The Dogwood

One of my favorite pictures from my youth was taken in the backyard of my parents’ house in Rockville, Maryland. It shows my sister and me, on an Easter Sunday from about 1970, wearing what could only be called our “Sunday best” and standing in front of a large, blooming dogwood tree.

The tree was a familiar fixture from my childhood, and its first blooms were a sure sign that spring had arrived. With the Easter season itself now in full bloom—it is Easter, after all, until Pentecost—I thought it was a good time to talk about the dogwood tree, and the unusual story behind it.

As Wikipedia puts it:
“There is a Christian legend of unknown origin that proclaims that the cross used to crucify Jesus was constructed of dogwood. As the story goes, during the time of Jesus, the dogwood was larger and stronger than it is today and was the largest tree in the area of Jerusalem. After His crucifixion, Jesus changed the plant to its current form: He shortened it and twisted its branches to assure an end to its use for the construction of crosses…”
Yet another description of the story puts the tree in a more sympathetic light:

“To be put to such a cruel use greatly distressed the tree. Sensing this, the crucified Jesus, in His gentle pity for the sorrow and suffering of all, said to it: ‘Because of your sorrow and pity for My sufferings, never again will the dogwood tree grow large enough to be used as a gibbet.”

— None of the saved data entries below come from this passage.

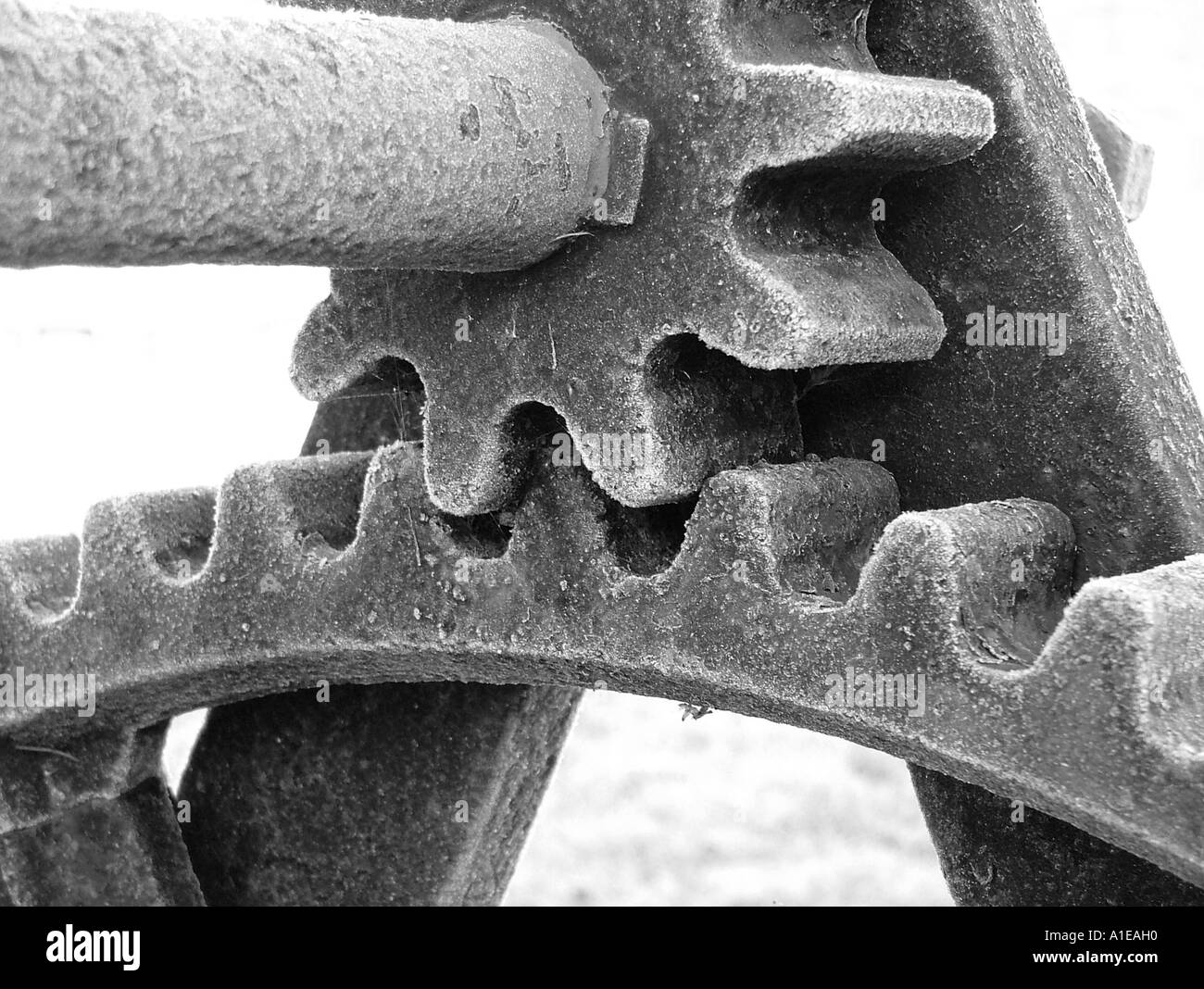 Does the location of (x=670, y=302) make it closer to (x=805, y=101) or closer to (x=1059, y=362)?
(x=805, y=101)

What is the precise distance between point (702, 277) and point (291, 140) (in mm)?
315

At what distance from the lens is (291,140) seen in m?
0.97

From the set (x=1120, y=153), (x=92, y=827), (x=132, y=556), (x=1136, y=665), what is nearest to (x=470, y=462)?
(x=132, y=556)

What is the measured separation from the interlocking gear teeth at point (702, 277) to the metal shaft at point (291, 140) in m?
0.05

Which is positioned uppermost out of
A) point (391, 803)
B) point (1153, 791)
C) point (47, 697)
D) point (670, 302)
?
point (670, 302)

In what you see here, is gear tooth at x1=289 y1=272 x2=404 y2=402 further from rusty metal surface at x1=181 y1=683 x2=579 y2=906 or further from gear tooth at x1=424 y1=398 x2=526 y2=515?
rusty metal surface at x1=181 y1=683 x2=579 y2=906

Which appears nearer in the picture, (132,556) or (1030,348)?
(1030,348)

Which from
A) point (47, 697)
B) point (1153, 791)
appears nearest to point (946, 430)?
point (1153, 791)

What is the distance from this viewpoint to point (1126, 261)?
1255 millimetres

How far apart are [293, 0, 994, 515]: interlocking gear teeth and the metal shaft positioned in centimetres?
5

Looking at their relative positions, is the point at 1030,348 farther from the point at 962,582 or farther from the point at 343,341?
the point at 343,341

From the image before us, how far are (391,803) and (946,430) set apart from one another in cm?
76

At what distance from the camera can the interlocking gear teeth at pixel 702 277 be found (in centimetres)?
109

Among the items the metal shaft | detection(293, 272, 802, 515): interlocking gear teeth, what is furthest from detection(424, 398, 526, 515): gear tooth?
the metal shaft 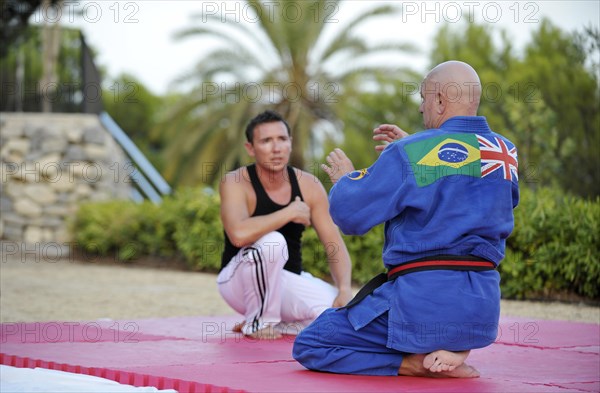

Henceforth it will be slender, bent and twisted and its blossoms will be in the form of a cross—two long and two short petals. In the center of the outer edge of each petal there will be nail prints—brown with rust and stained with red—and in the center of the flower will be a crown of thorns, and all who see this will remember.’

Whatever the origins of the dogwood, and whatever the reason for its curious, cross-shaped buds, it remains a welcome harbinger of spring, a reminder of this season of renewal and rebirth.

We should savor the buds of the dogwood while we can—seeing in their beauty a mute testament to the season that manages, in a matter of days, to bring us both the agony of the cross and the joy of the Resurrection.